"This boy does not have milk."
Translation:У этого мальчика нет молока.
It is a Category 4 language in the FSI, so it makes sense (If you don't know, the FSI has 5 categories of the time it takes to learn. Russian takes 44 weeks, so if you make a resolution and keep it, you might be fluent at the end of the year) .
Hahaha. I was so worried about the етаО, малчикА, and молокА right, that i forgot the 'у'! Sigh.
Hopefully I'll be fluent before high school and can mess with people!
Э́того ма́льчика is the genitive case, этот ма́льчик is the nominative. After the preposition у, genitive case is used.
Note that the structure of the English sentence is different from the Russian one. In English, you say: ‘This boy does not have milk’. ‘This boy’ is the subject, it does (or, rather, doesn’t do) the action of ‘having’. If Russian followed the same structure, you’d use э́тот ма́льчик because we use nominative for the subject. But Russian sentence is different.
The Russian sentence is closer to ‘At this boy’s [possession], there_is_no milk'. So, the boy doesn’t do any action in Russian. The boy is an adverbial modifier, not a subject, so we don’t use nominative case. (Techincally, milk is the subject, but it’s also in genitive case because нет requires genitive.)
«Нет» is antonymous to «есть», «есть нет» would mean "there is there is not".
Isn't "нет" in this context a contraction of "не есть"? Another course told me it is.
According to Vasmer, it's a contraction of «не е ту» (не ѥ ту), where «е» is an older alternative form of «есть», and «ту» is an older adverb 'here' related to «тут».

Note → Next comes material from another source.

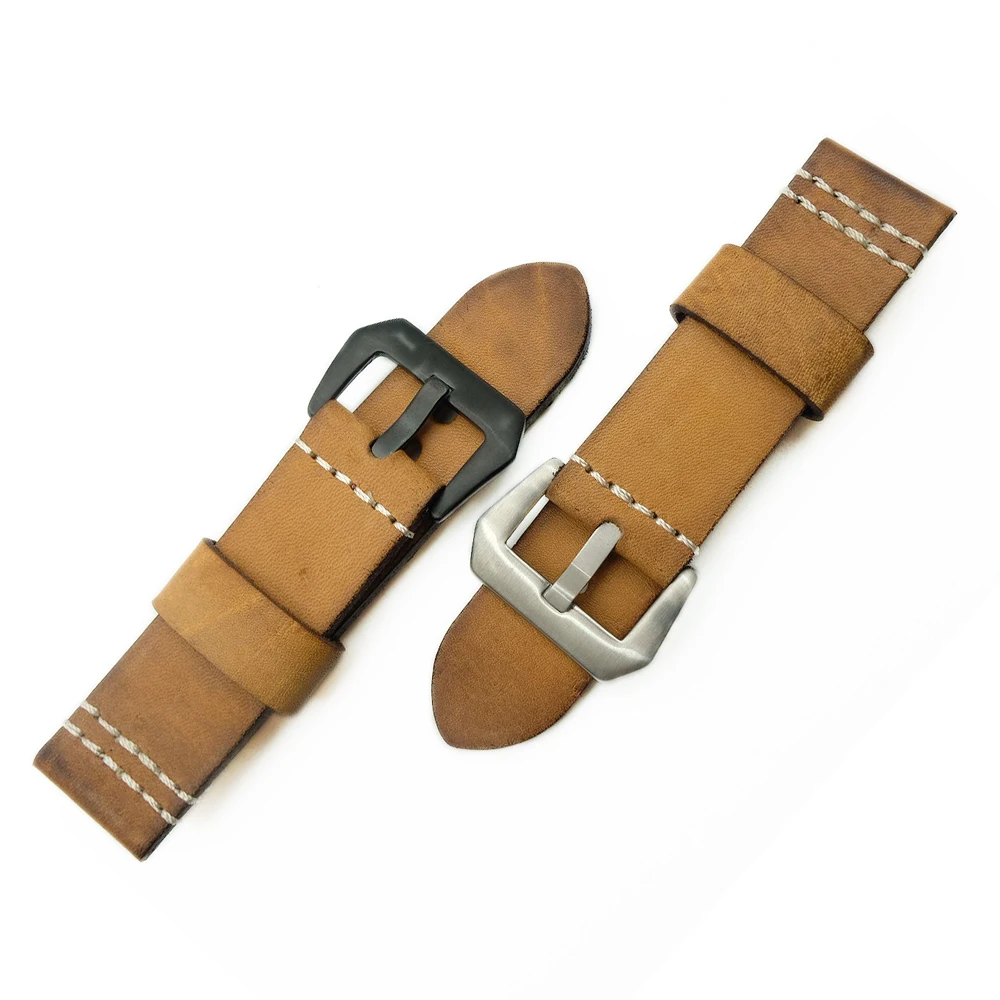 22mm 24mm 26mm Handmade Brown Vintage Genuine Leather Watch Band Strap for pam Men Watchband Strap for PAM DIY Replace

Do you have to have the "У" at the beginning of the sentence? I thought этого meant "this" - so why do you need the У before it?
They way Russian indicates possesstion is different from English. In English, we have the verb 'to have'. In Russian, the closest verb we have, «име́ть», is not usually used except when talking about abstract things.
Instead, we say something like 'At this boy['s possession], [there] is milk'. The preposition «у» introduces the possessor in this sentence.
Could this work: этого мальчишку нет молока... I'm guessing the sentence would sound like "it boy is absent milk".
You can use «мальчи́шка» instead of «ма́льчик» (they mean roughly the same), but keep in mind that it's declined like feminine nouns: genitive is «мальчи́шки» (not «мальчи́шку»; «мальчи́шку» is accusative).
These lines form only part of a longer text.